Talvez seu senhor Nistaldo pensasse a mesma coisa; poderia ser uma reação dirigida contra o menino de futuro servil. Tanto assim o foi, que o garoto foi imediatamente retirado do contato com a mãe e ficou em companhia do senhor que resolveu protegê-lo. Os demais filhos de Benedita continuaram em seu poder, provavelmente o senhor não acreditava que ela seria capaz de repetir tamanho mal contra crianças tão pequenas e indefesas cujos futuros não eram marcados pela fatalidade da servidão.
Mas o prosseguimento das ações de Benedita mostra que o futuro como escravo não era o fator que a levava a querer matar seus filhos. O filho de dois anos e a pequena de três foram igualmente acometidos pelo ato de fúria materna e lançados no mesmo poço; para aquelas crianças tão pequenas a queda foi fatal e as águas do poço muito fundas para que pudessem se salvar; morreram.

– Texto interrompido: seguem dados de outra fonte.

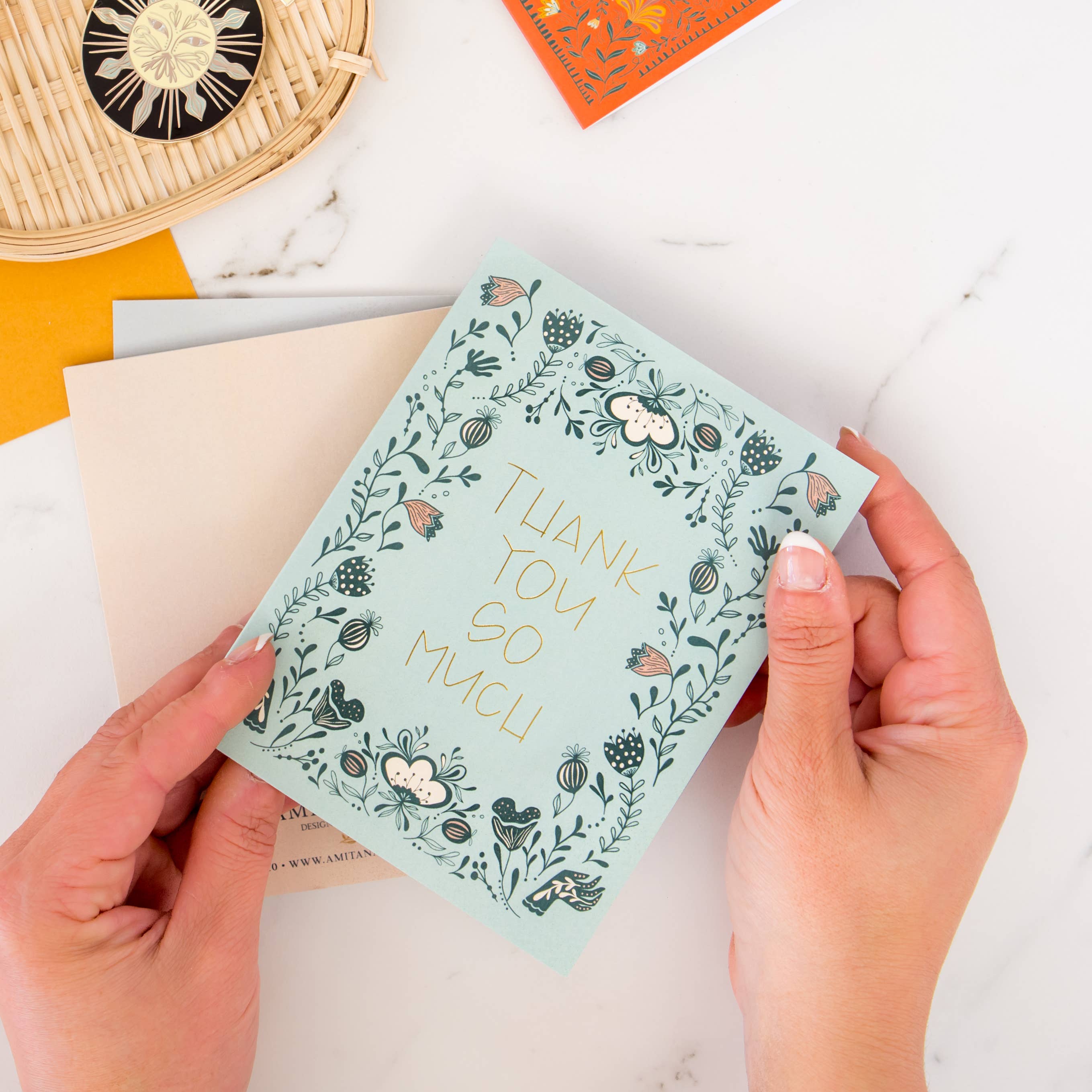 Amicreative - Wholesale Thank You Card - Thank You Flowers Gold Foil Greeting Card1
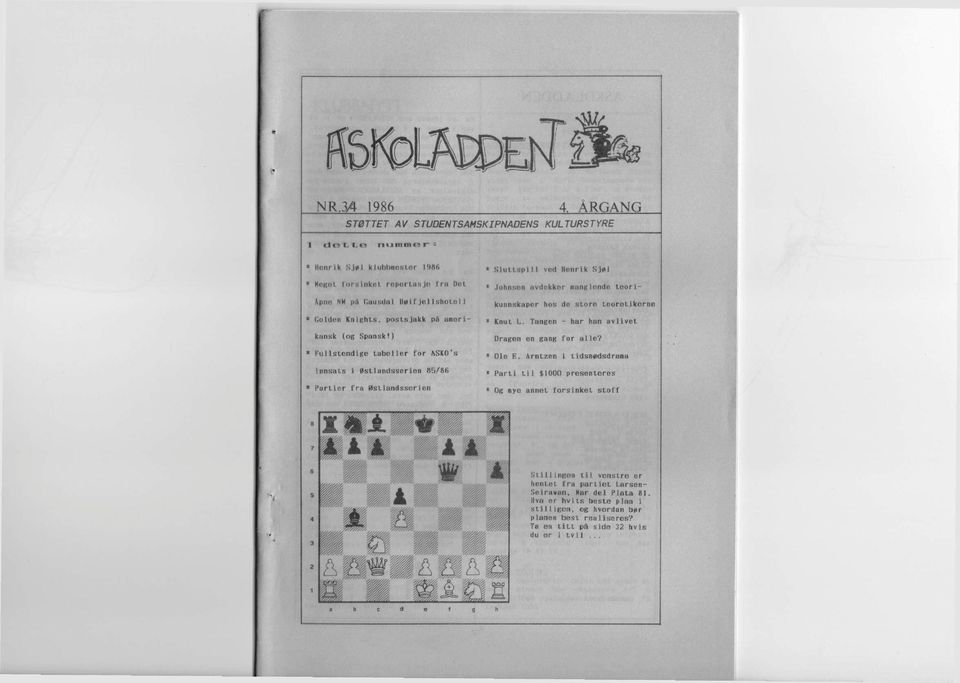 ) * Fullstendige tabeller for ASK0's innsats i Østlandsserlen 85/86 * Partier fra Øst landsserien * Knut L. Tangen - har han avlivet Dragen en gang for alle? * Ole E.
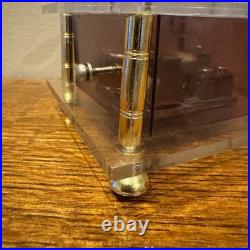 VTG Japanese Ballerina Dancing Couple Music Box With Clear Dome & Gold Accents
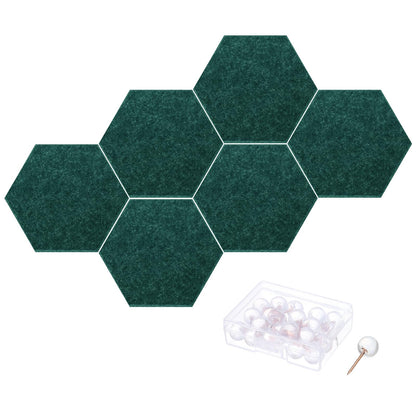 PATIKIL Felt Bulletin Board, 12"x10", 6 Packs Self Adhesive Hexagon Felt Tiles for Sound Proofing Wall Panels for Home Office Recording Studio,Game Room, Blackish Green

Faltava ainda o menor de todos os filhos; a recém-nascida de seis meses. Benedita tomou a pequena nos braços e caminhou com o rebento por meia légua em direção às terras de sua antiga senhora, dona Francisca e no poço que por lá sabia aonde era, lançou sua bebezinha sem que houvesse a menor possibilidade dela sobreviver. A escrava assistiu a agonia e a morte da última de suas crianças antes de se projetar e se enforcar, pondo fim à sua própria existência.
Ao ser noticiada tamanha tragédia no "O Mercantil", o redator atesta que a única explicação para tamanho ato de crueldade de uma mãe contra seus filhos é a loucura. Certamente temos muito do que duvidar da sanidade mental daquela mulher que viveu há dois séculos antes de nós; assim mesmo, é possível perceber nessa loucura um ato de rebeldia e uma ação contra o cativeiro e à condição escrava, tomada de forma extrema numa fuga para um mundo sobrenatural ou ao menos fora do real.

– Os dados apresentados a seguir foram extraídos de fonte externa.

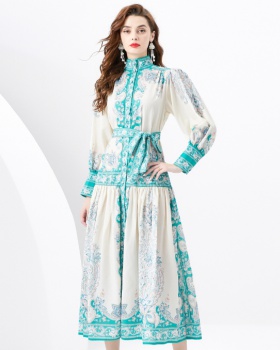 Cstand collar court style printing dress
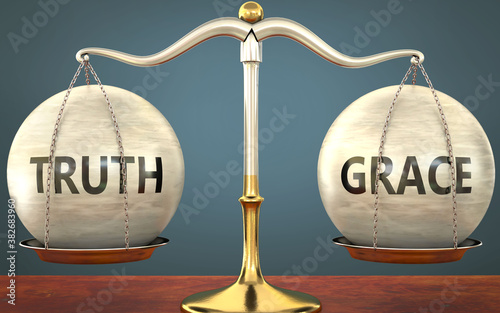 truth and grace staying in balance - pictured as a metal scale with weights and labels truth and grace to symbolize balance and symmetry of those concepts, 3d illustration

E eis que conjuntamente à tragédia da escrava, no dia dois de fevereiro daquele ano, ocorreu a supracitada exposição agrícola de Petrópolis no jardim público da cidade, evidentemente com a presença da família real, com a figura carismática e presente do imperador dom Pedro II, que ao ouvir o discurso de início do evento levantou-se e exclamou: "É sempre com o maior júbilo que eu me associo às festas do trabalho" .
BIBLIOGRAFIA
AMBROZIO, J. C. G. O Presente e o Passado no Processo Urbano da Cidade de Petrópolis (uma história territorial) Tese de doutorado. Faculdade de Filosofia, Letras e Ciências Humanas. Universidade de São Paulo. São Paulo. 2008
CUSATIS. José. Os Italianos em Petrópolis. Petrópolis. Edição da Câmara Municipal. 1993
LAMEGO, A. R. O Homem e a Serra. IBGE, setores da evolução fluminense. Rio de Janeiro. 1950
MARTINS, Ismênia de Lima. Subsídios para a História da Industrialização em Petrópolis. Petrópolis. Universidade Católica de Petrópolis. 1978
RABAÇO, J. H. História de Petrópolis. IHP. Petrópolis. 1965
VASCONCELOS, Francisco de. Petrópolis do Embrião ao Aborto Petrópolis: ParkGraf editora. 2007
FONTES PRIMÁRIAS
O Mercantil. Petrópolis. 23 de janeiro a 06 de fevereiro de 1875.